Mais il ne s’agit que d’un indicateur parmi d’autres. L’évaluation des professeurs doit porter sur toutes les missions de l’enseignement supérieur et pas uniquement sur la recherche. Cela existe déjà dans de nombreuses grandes écoles et dans certains IUT, mais seulement dans quelques universités… Dans le cadre du cours que j’assure à Sciences Po Paris, mes étudiants donnent leur avis, notamment sur ma pédagogie, sur la manière dont ils aimeraient être évalués… C’est anonyme et cela ne me pose aucun problème. Au contraire, cela me paraît naturel, de la même façon qu’un parlementaire est évalué quand il se présente à une élection, ou qu’un patient apprécie s’il est bien soigné ou non par son médecin…

Quelles seraient les conséquences pour les enseignants ? Peut-on imaginer une prime aux mieux notés et un retrait de salaire pour les autres ?

Les conséquences sont avant tout individuelles et doivent permettre aux enseignants de s’améliorer. Il ne s’agit en aucun cas d’instituer une évaluation sanction. Une jurisprudence du Conseil d’Etat a d’ailleurs validé la procédure d’évaluation des enseignements par les étudiants, à condition qu’il n’y ait pas d’incidence sur les prérogatives ou la carrière. Cette proposition est complexe à mettre en place. Mais elle permettrait aux enseignants de faire valoir leurs méthodes pédagogiques ou leur capacité à faire travailler les étudiants en groupe, en vue d’obtenir une promotion. Chacun doit pouvoir être en capacité de rendre compte de son investissement dans l’enseignement.

N’inversez-vous pas les rôles en considérant que les enseignants ont des comptes à rendre à leurs étudiants ? Comment se prémunir du risque de la démagogie ?

A partir du moment où il n’y a pas de sanction et où l’évaluation peut être utilisée pour justifier son investissement, les risques sont faibles. Le temps où les enseignants étaient les seuls à détenir le savoir est révolu ! Désormais, avec un smartphone ou une tablette, les étudiants ne se privent pas de vérifier en direct, tel ou tel point du cours. Il faut tenir compte de l’évolution numérique.

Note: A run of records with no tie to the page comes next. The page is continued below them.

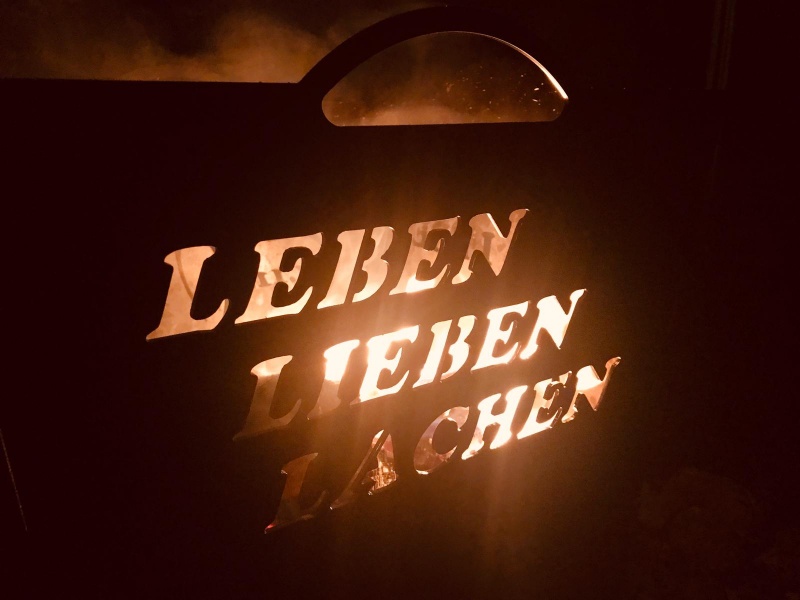 Lust am Leben Feuerschale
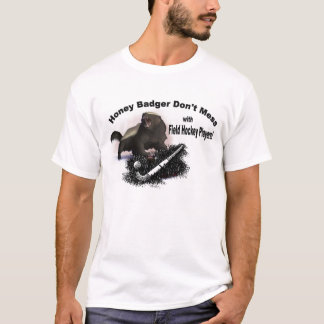 Honingbadger Niet met veldmuziekkers T-shirt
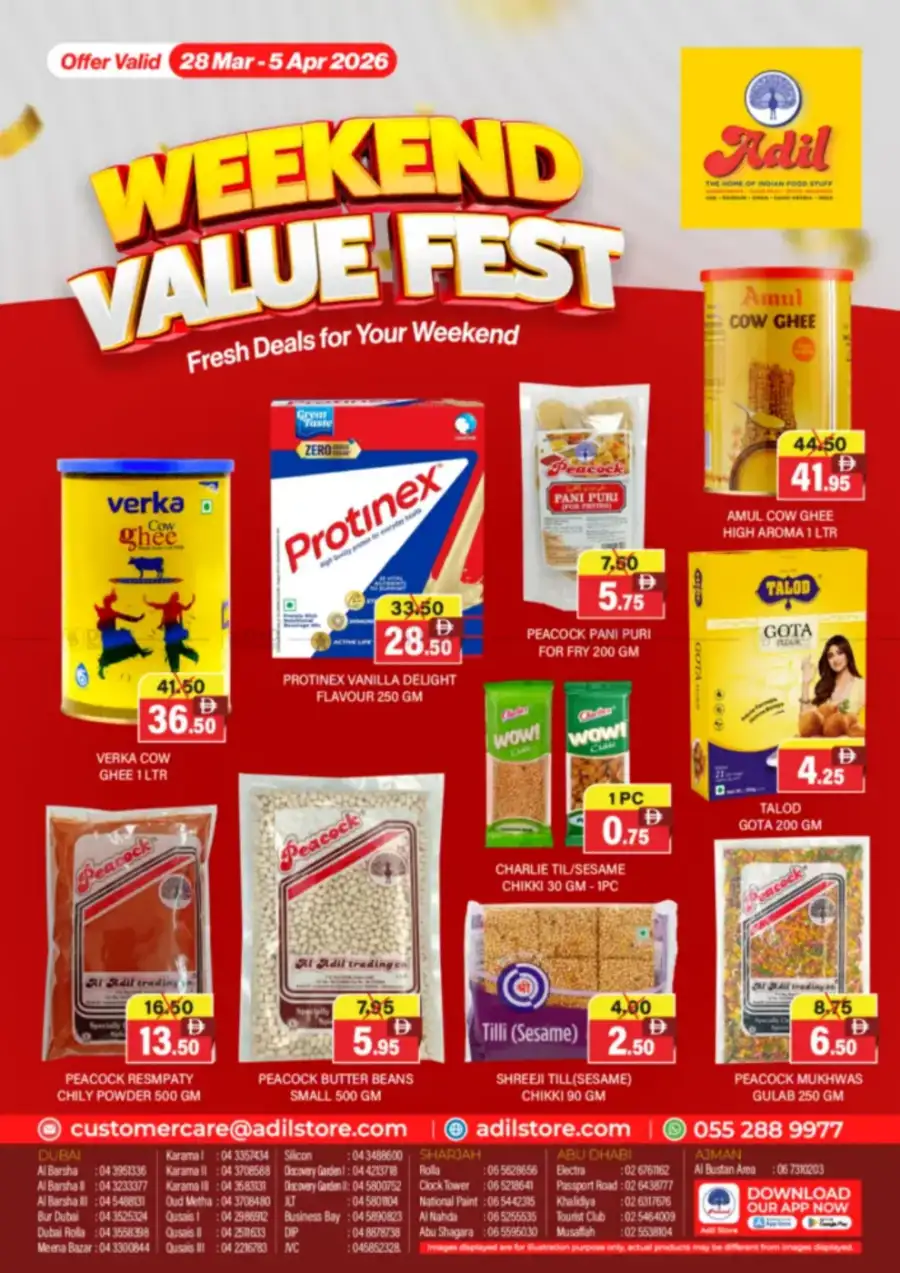 Al Adil UAE Weekend Value Fest | Ends Sunday page 1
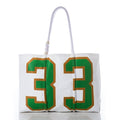 Custom Superfan Large Tote Handmade in Maine from Recycled Sails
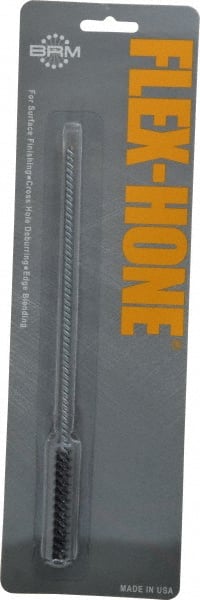 Brush Research Mfg. - 0.354" Bore Diam, 120 Grit, Silicon Carbide Flexible Hone - Fine, 8" OAL - Exact Tooling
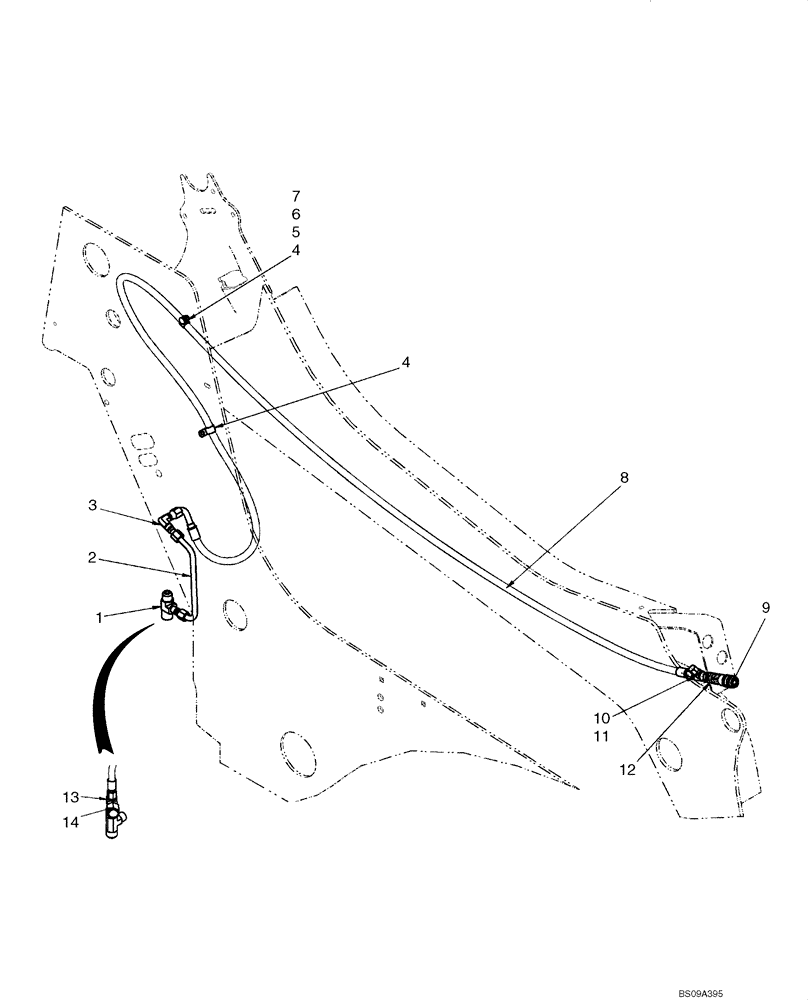 Схема запчастей Case IH 465 - (08-03) - HYDRAULICS - CASE DRAIN (08) - HYDRAULICS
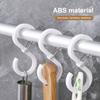 8Pcs S-Shaped Anti-Fall Plastic Hooks Strong Load Bearing Rust-proof Multi-purpose Shower Curtain Hooks AVE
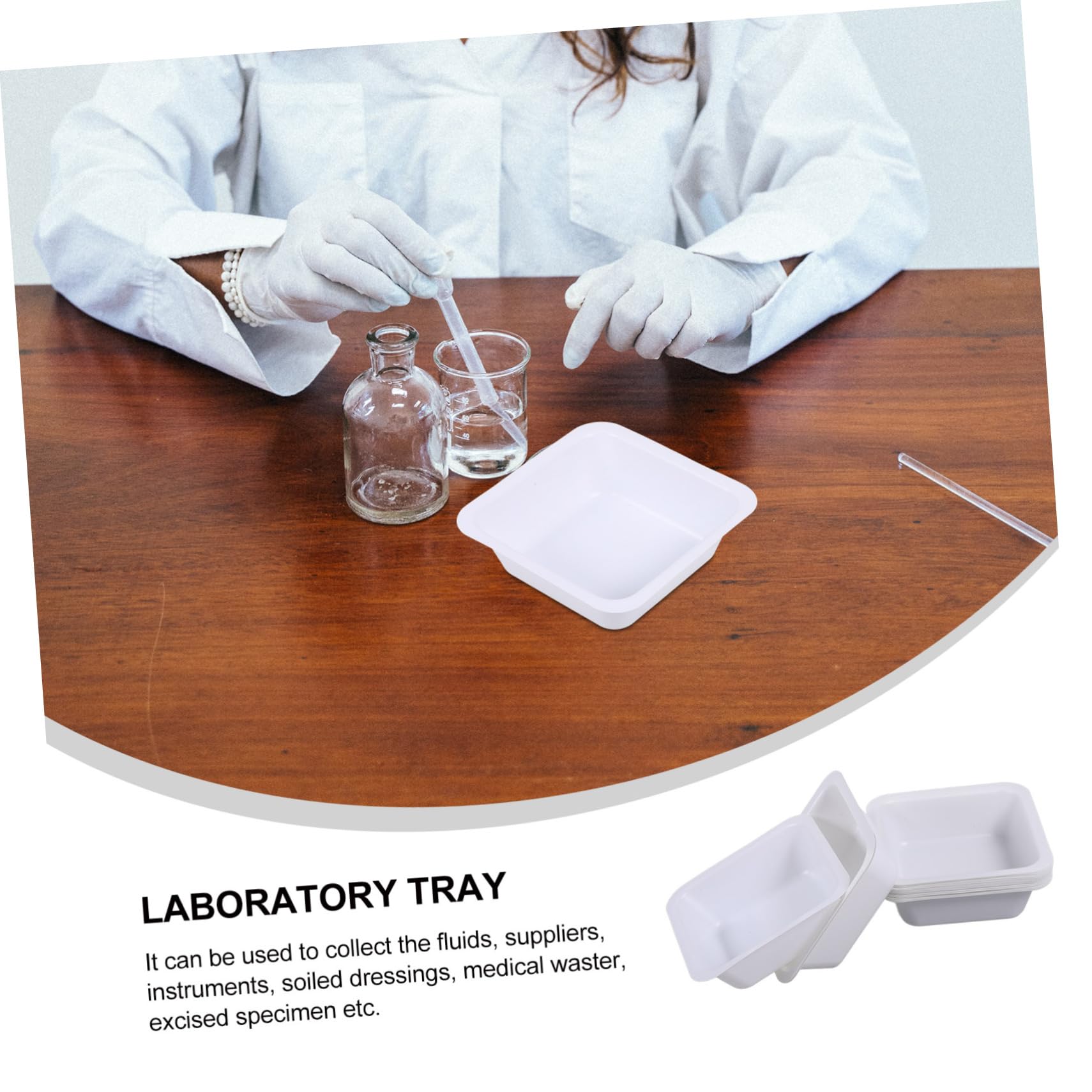 FUNOMOCYA 2sets Measuring Weigh Boats Square Storage Trays Weighing Dishes Weighing Pans Laboratory Equipment for Home and Studio 20pcs*2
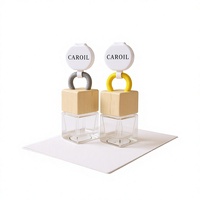 Diffuseur d'arômes pour voiture en verre sur mesure, pendentif pour rétroviseur, huiles essentielles, longue durée, antibactérien, décoratif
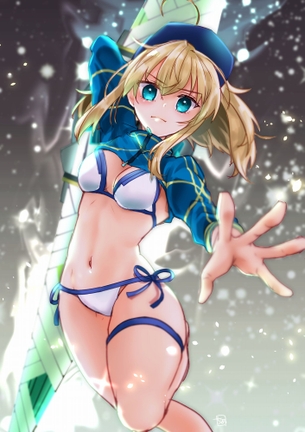 【エロ画像】Fate Grand Order ヒロインXと漫画みたいなHがしたくなる抜きヌキ二次エロ画像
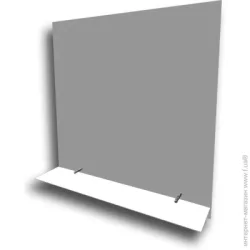 МТ Зеркало 600x600 мм с полочкой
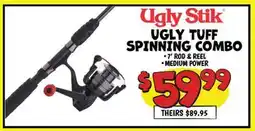 Ollie's Ugly Stik UGLY TUFF SPINNING COMBO offer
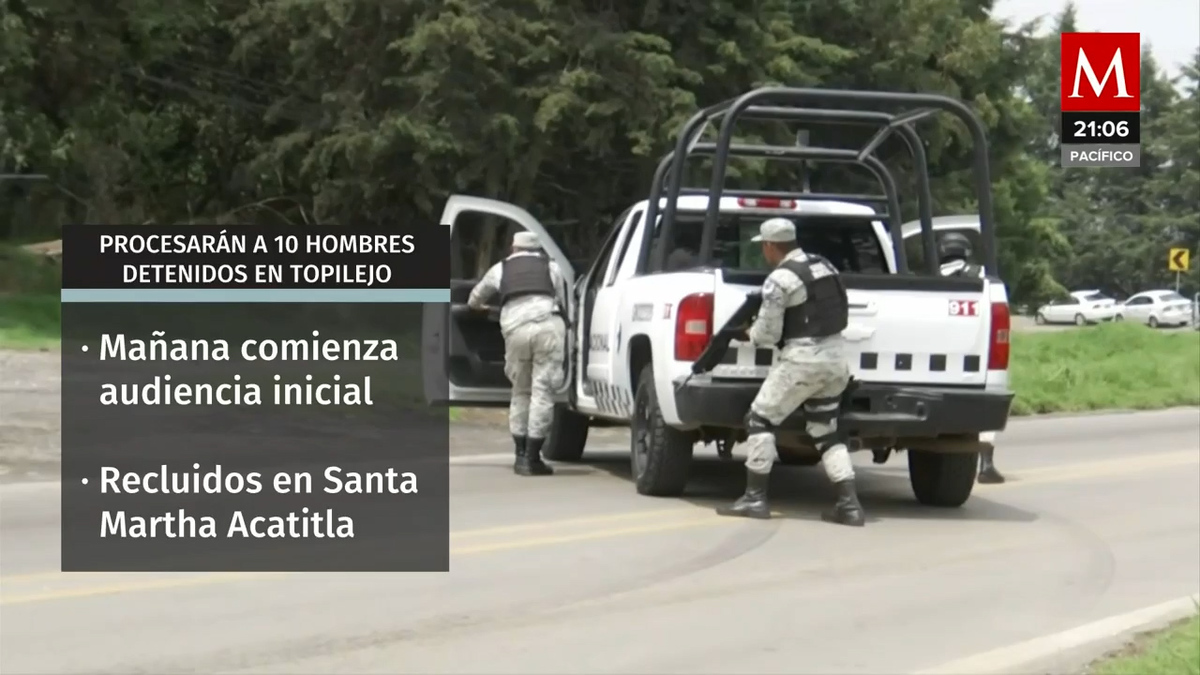 Detenidos en Topilejo enfrentarán al menos cinco delitos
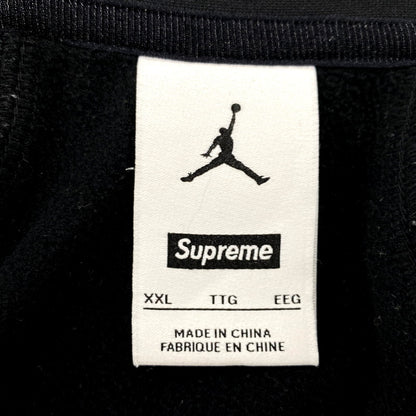 【中古品】【メンズ】 Supreme シュプリーム ×NIKE JORDAN ナイキ ジョーダン HF0830-010 TRICOT TRACK JACKET トリコ トラック ジャケット アウター 149-250802-rk-09-izu サイズ：2XL カラー：ブラック 万代Net店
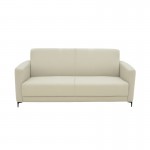 Καναπές τριθέσιος Sidica pakoworld PU σε μπεζ απόχρωση 185x82x81εκ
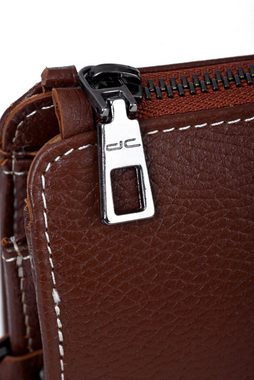dc Dericompany Handtasche BD01583, Herren Portfoliotasche aus echtem Leder, mit Handschlaufe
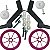 Suporte Apoio Lateral Aro 12 Para Bicicletas Nathor - Imagem 3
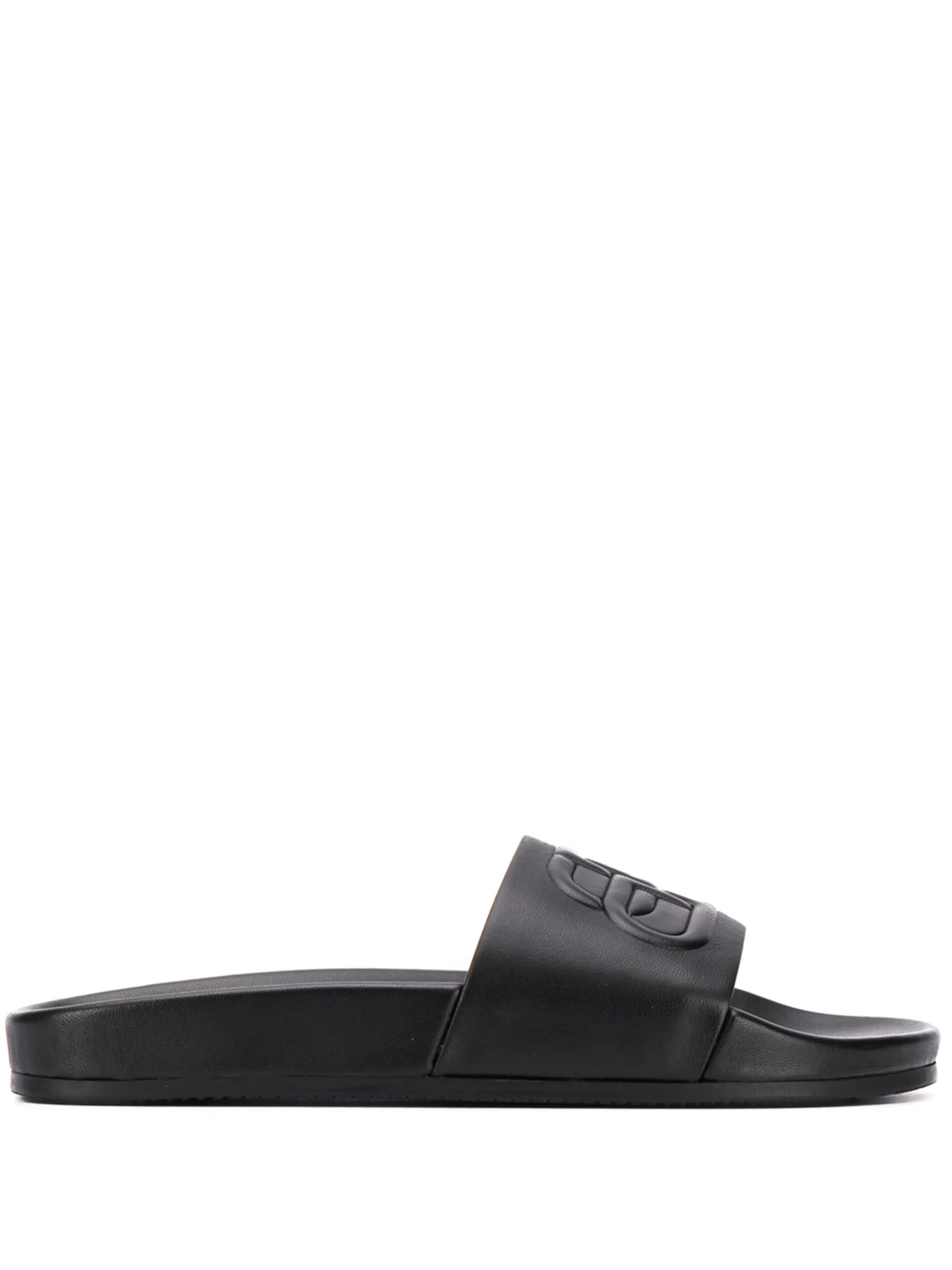 BB embossed logo slides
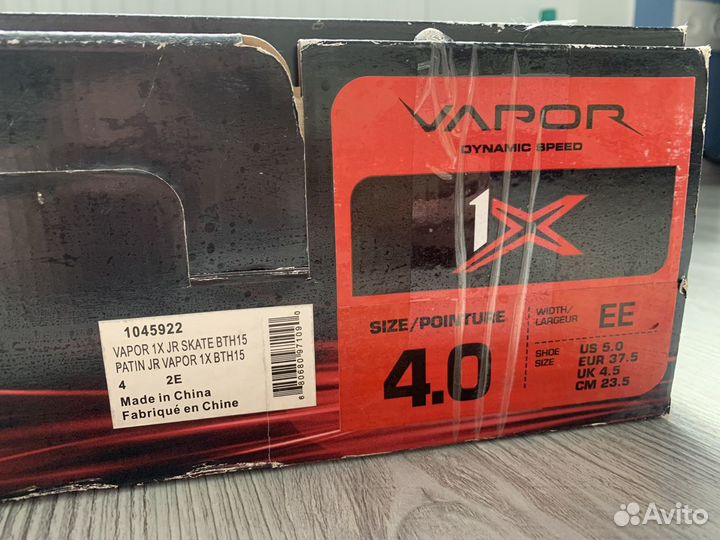 Коньки хоккейные размер 4 bauer Vapor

Plus généralement, quelle est la priorité des priorités pour améliorer le fonctionnement de l’université ?

J’en vois deux : la réussite des étudiants et l’amélioration des conditions d’exercice des enseignants-chercheurs en début de carrière. Il faut mettre fin au gâchis énorme auquel nous assistons aujourd’hui : beaucoup trop d’étudiants décrochent et sont mal orientés. Il faut créer davantage de lien entre l’enseignement secondaire et supérieur, et diversifier les voies de recrutement dans les grandes écoles. Il est aussi nécessaire d’œuvrer pour que nos jeunes deviennent ingénieurs et que tous les polytechniciens ne s’orientent pas vers la finance.

En ce qui concerne les débuts de carrière, lors du grand débat à l’Assemblée nationale que j’ai organisé le 4 décembre dernier, Serge Haroche a rappelé la rémunération à peine plus élevée que le Smic d’un enseignant-chercheur en début de carrière. Ce n’est pas acceptable. Il faut par ailleurs accorder des crédits à la recherche, afin de donner les moyens suffisants aux chercheurs. Nous avons une bonne université en France mais en l’améliorant un peu elle pourrait être excellente. Nous devons arrêter de faire de la géologie politique et passer d’un modèle d’excellence par la compétition à un modèle de performance par la coopération.